The ownership model is also changing in another important way: strategic investors are increasingly entering before the fully de-risked stage. In older SEE renewables cycles, capital often waited for feed-in support, full permitting clarity or late-stage development packages. Now, because the best congestion-adjacent nodes, hybrid-ready sites and large-load opportunities are finite, some investors are moving earlier. That is visible in MET’s Romanian renewables expansion and Masdar’s Balkan acquisition posture. It is also visible in the willingness of multilaterals to use guarantees and blended structures to bring merchant projects to bankability earlier than the market would once have tolerated.
For sponsors, this creates both opportunity and pressure. The opportunity is obvious: more capital sources, more refinancing routes, more strategic buyers and more appetite for portfolios rather than one-off assets. The pressure is that capital is becoming more selective, not less. Projects without clear grid logic, storage strategy or credible offtake increasingly look incomplete. Private capital is not flooding indiscriminately into South-East Europe. It is clustering around investable structures. That means a 100 MW solar plant in a congested weak-demand node with no hybridisation may struggle to attract attractive capital terms even if the headline resource is strong. A 100 MW solar-plus-BESS project near an industrial or data-centre load, by contrast, can become far more financeable because its revenue stack is structurally deeper.
This is why Electricity.Trade matters beyond pure market commentary. In a capital market that is increasingly pricing assets by node, spread, flexibility and offtake quality, information becomes part of bankability. Investors want to know not only where the cheapest megawatt can be built, but where a megawatt can become an infrastructure-style cash flow. That requires visibility into congestion, intraday spreads, balancing value, storage monetisation and emerging demand centres. A regional intelligence layer is no longer auxiliary to private capital. It is part of how capital is deployed.
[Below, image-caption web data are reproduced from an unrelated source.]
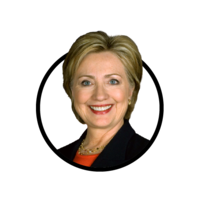 celebrities & Hillary Clinton free transparent png image.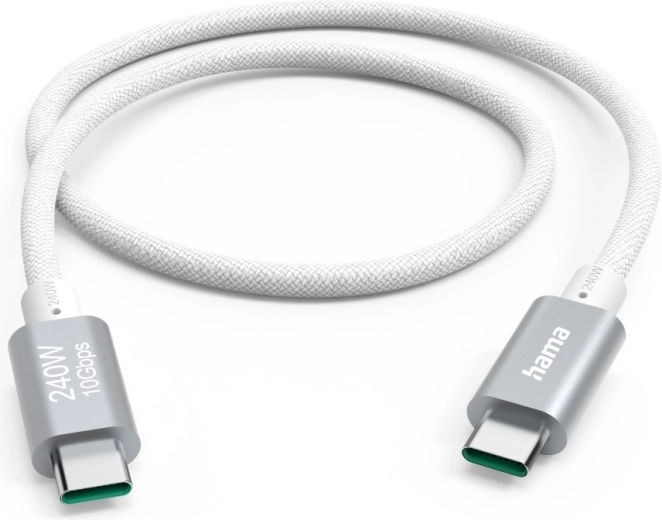Зареждащ и дата кабел Hama USB‑C към USB‑C 240 W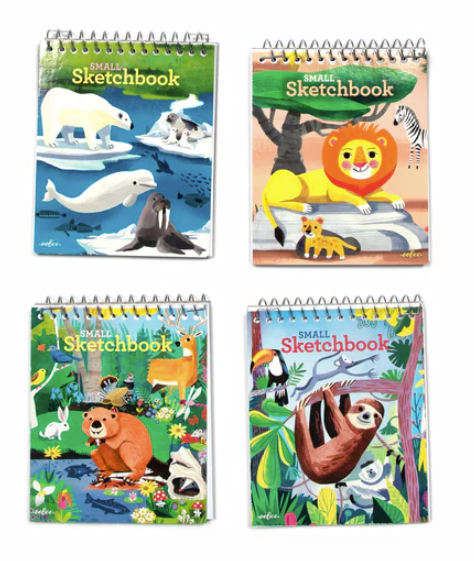 Animals in Wild Small Sketchbook Asst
What is emerging, then, is a new ownership system for South-East Europe’s power market. Utilities are still present. States still matter, particularly in grids and policy. But the decisive growth capital is increasingly being provided by a mix of strategic renewables platforms, trader-backed portfolios, sovereign-linked energy investors and multilateral-supported infrastructure financing. The region’s energy transition will still be measured in megawatts and billions of euros. But the real competitive edge will lie in who can assemble the right capital stack around the right physical nodes. In South-East Europe, infrastructure value is no longer sitting only in wires and plants. It is sitting in the ability to own volatility, shape demand and finance optionality at scale.